> **EXERCISE DETAILS**: Starting with the line below that holds "일본 하코야 /BOOK도시락(앤틱 북)/유니크한 디자인, 그린" and stopping after the line that holds "Page 6: 005.jpg", transcribe the lines exactly, leaving out all pictures.

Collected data
────────────────────────────────────────
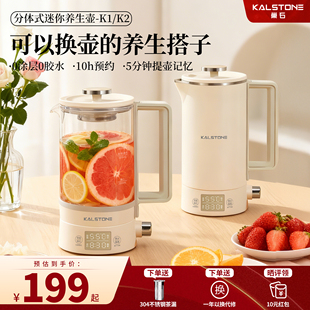 巢石K1K2养生壶家用多功能办公室炖煮烧水壶小型煮茶壶迷你煮茶器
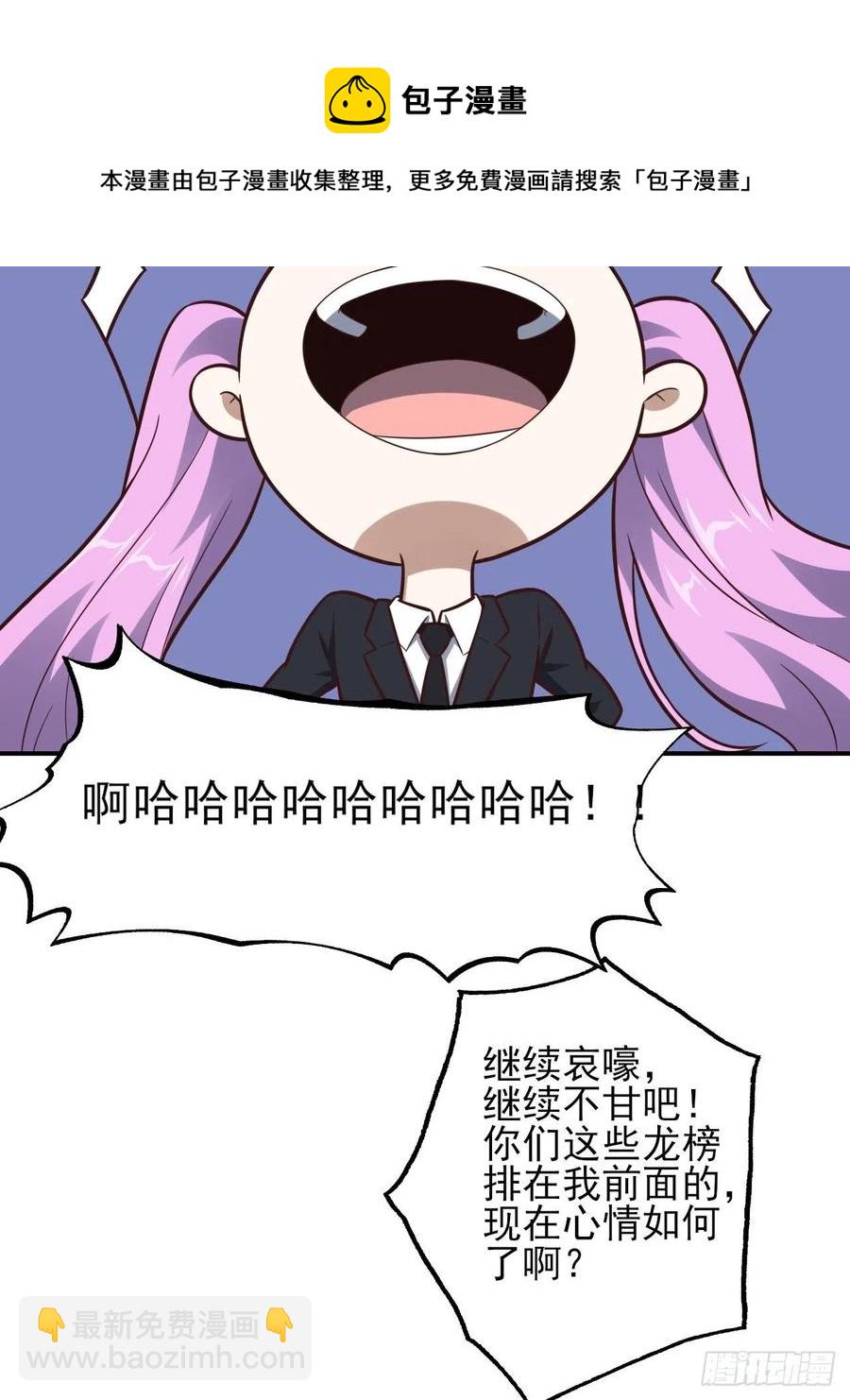 高能來襲 - 175單獨測試(1/2) - 5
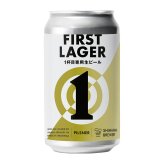 広島 しまなみブルワリー ビール ファーストラガー 6本 クラフトビール 冷蔵 缶ビール 地ビール ご当地ビール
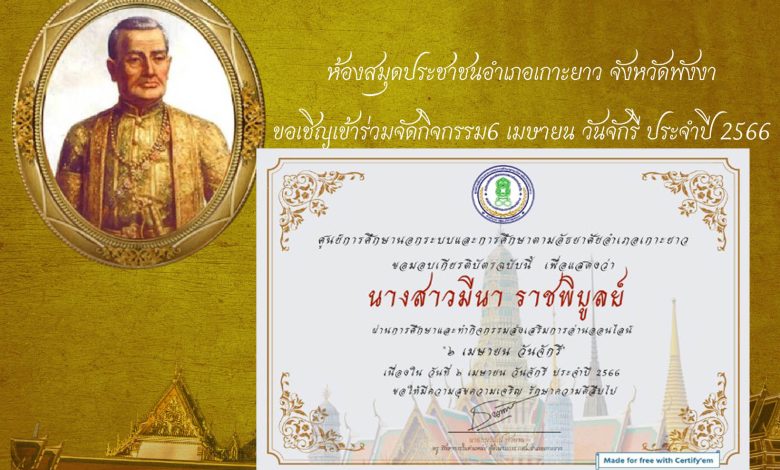 แบบทดสอบออนไลน์ เรื่อง ๖ เมษายน วันจักรี Chakri Memorial Day โดยห้องสมุดประชาชนอำเภอเกาะยาวจังหวัดพังงา ผ่านเกณฑ์รับเกียรติบัตรทาง E-mail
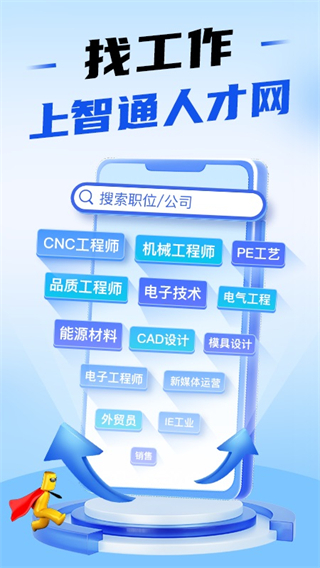 智通人才網(wǎng)安卓版 v11.16.2 最新版 4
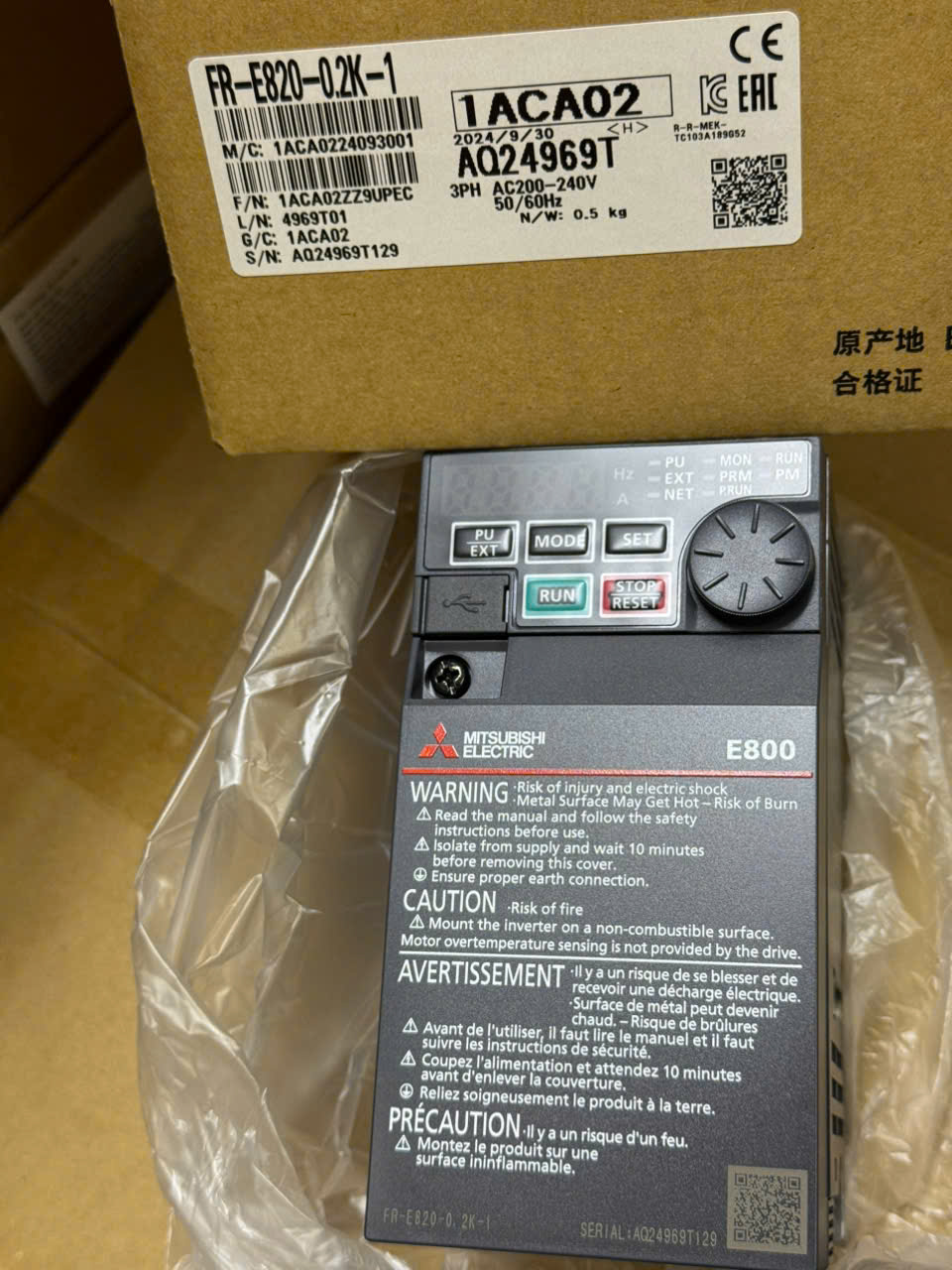 FR-E820-0.2K-1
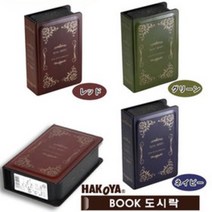 일본 하코야 /BOOK도시락(앤틱 북)/유니크한 디자인, 그린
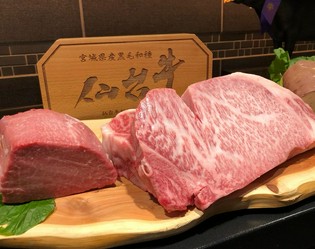 地元の自慢の味を、心ゆくまで堪能できる『おすすめお肉コース』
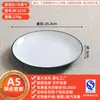 Platos y Vajilla de Melamina para Uso Comercial, Platos para Arroz, Platos Redondos para Buffet, Platos Planos para Salteados, Platos para Huesos de Restaurante de Hot Pot, Platos para Guarniciones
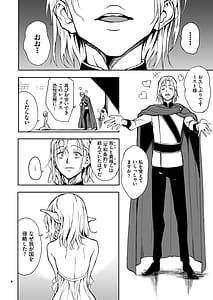 Page 6: 005.jpg | エルフ教育 -亡国のミスト- | View Page!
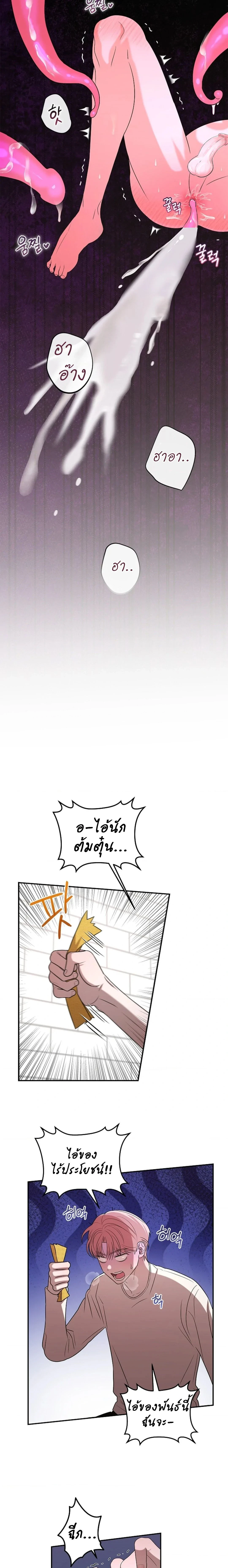 Mr. Tentacle – จู่ๆก็โผล่มา ตอนที่ 1 — page 16 of 20
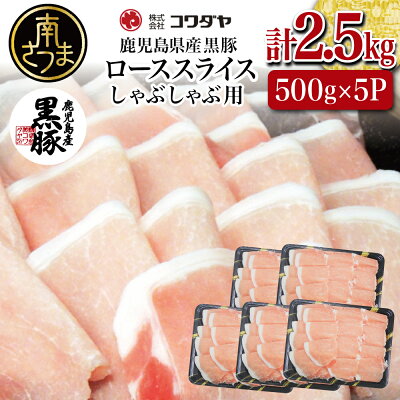 楽天ふるさと納税　【ふるさと納税】鹿児島産黒豚ロースしゃぶしゃぶ用 計2.5kg（500g×5P） 国産 鹿児島県産 豚肉 黒豚 豚しゃぶ しゃぶしゃぶ すき焼き ロース スライス うす切り肉 薄切り お取り寄せ かごしま グルメ 鍋 送料無料 鹿児島県 南さつま市 株式会社コワダヤ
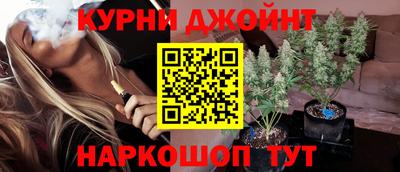 ешки Наро-Фоминск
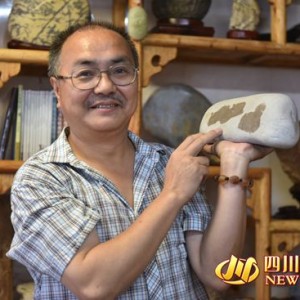 ���У�����ʯͷ���ݽ���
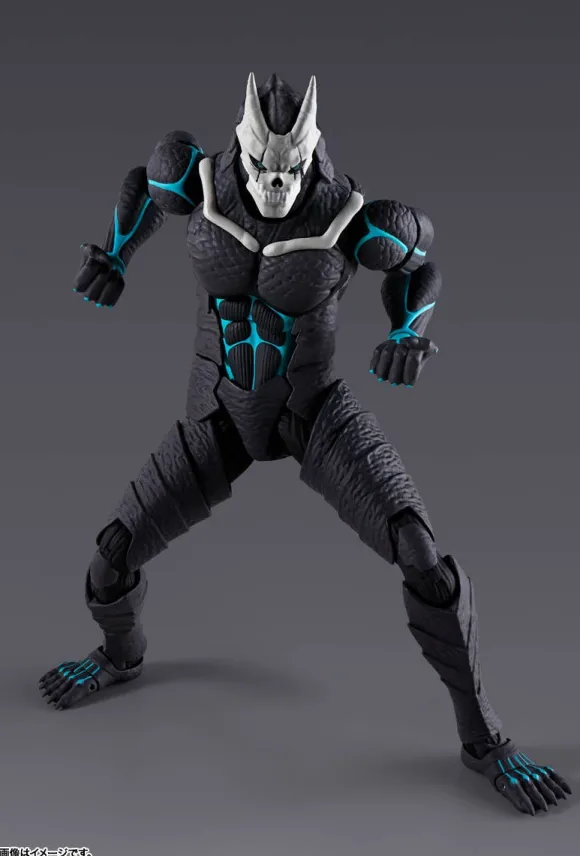 S.H.Figuarts Kaiju No.8 (Reissue)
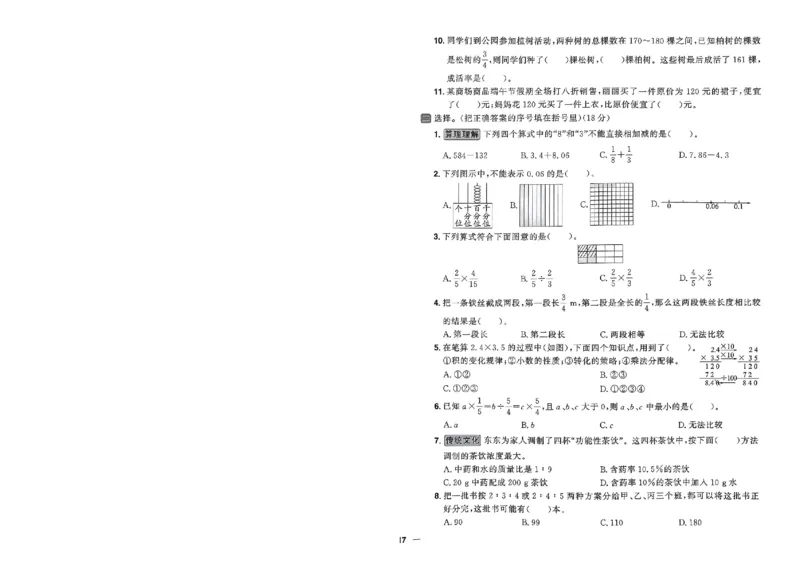 阳光同学活页提优卷人教数学6下_2026春小学教辅大合集_19-26春《阳光同学》系列_《阳光同学活页提优卷》人教数学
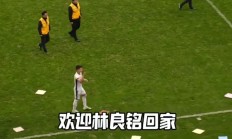 开云体育app-北京国安主场惜败于大连一方，遭遇颓势的简单介绍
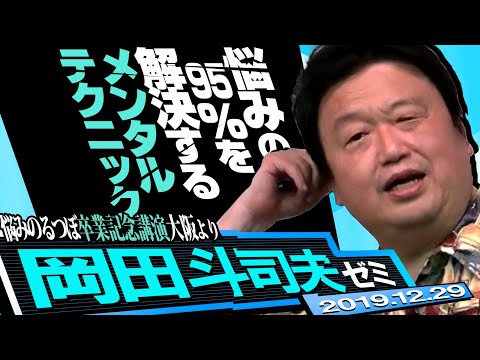 岡田斗司夫ゼミ#315(2019/12)95%の悩みを解決する思考方法~悩みのるつぼ卒業記念講演大阪より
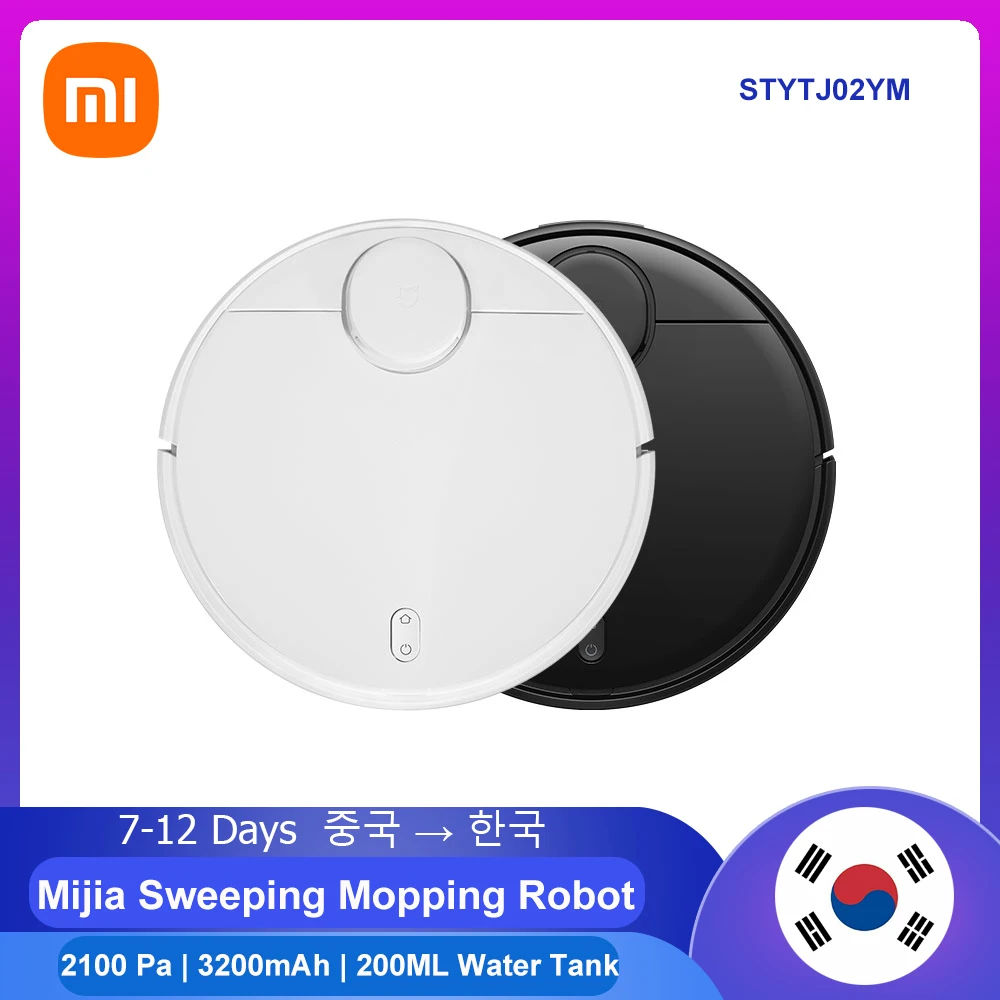 

Робот-пылесос Xiaomi Mijia STYTJ02YM Pro 2 Mi, 2100 па, Wi-Fi
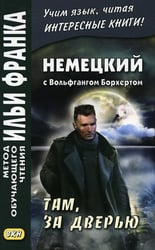 Немецкий с Вольфгангом Борхертом. Там, за дверью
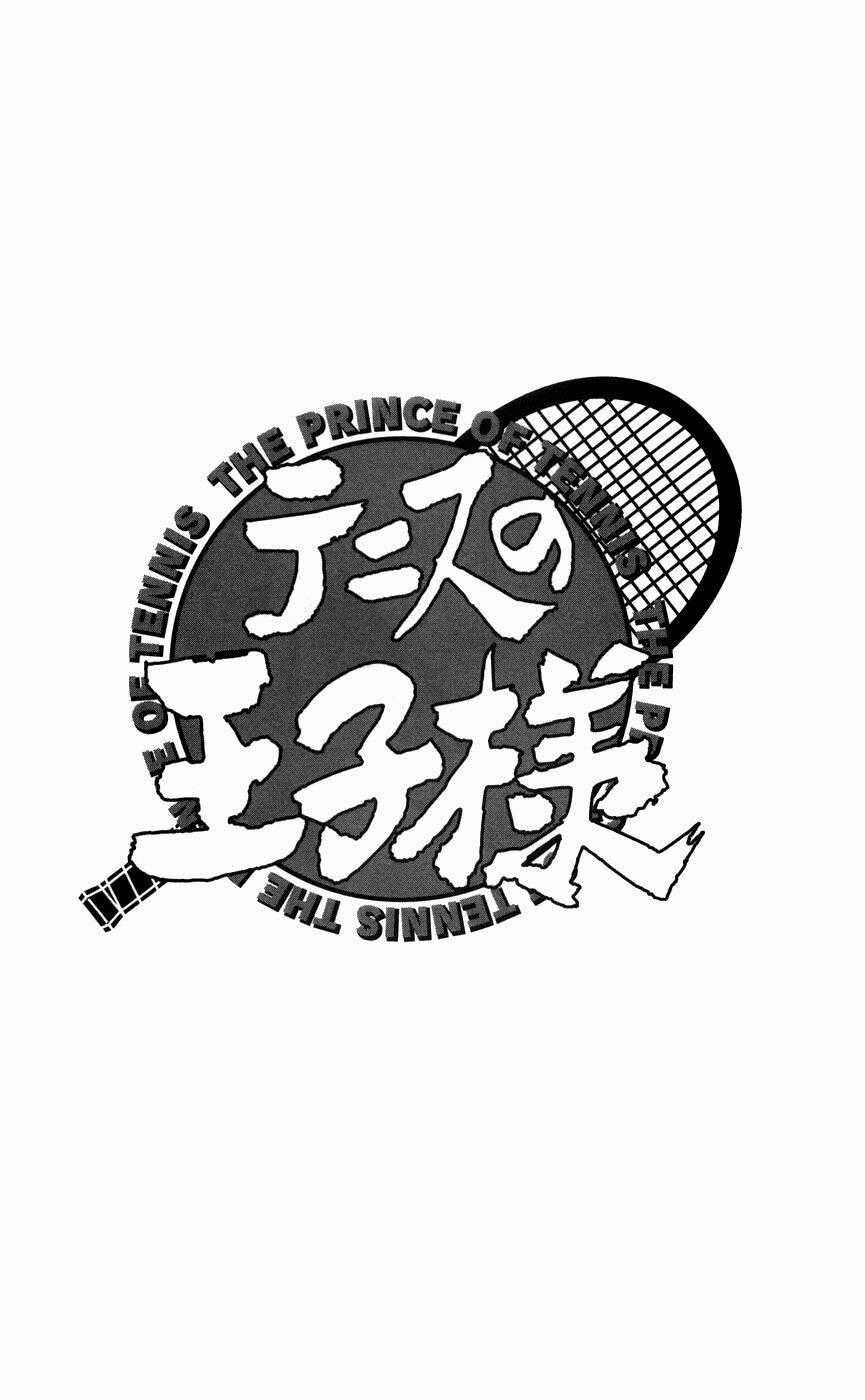 Hoàng Tử Tennis Chapter 367 trang 16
────────────────────────────────────────
> **OUTPUT**:
 일본 하코야 /BOOK도시락(앤틱 북)/유니크한 디자인, 그린
 地元の自慢の味を、心ゆくまで堪能できる『おすすめお肉コース』
 Platos y Vajilla de Melamina para Uso Comercial, Platos para Arroz, Platos Redondos para Buffet, Platos Planos para Salteados, Platos para Huesos de Restaurante de Hot Pot, Platos para Guarniciones
 Page 6: 005.jpg | エルフ教育 -亡国のミスト- | View Page!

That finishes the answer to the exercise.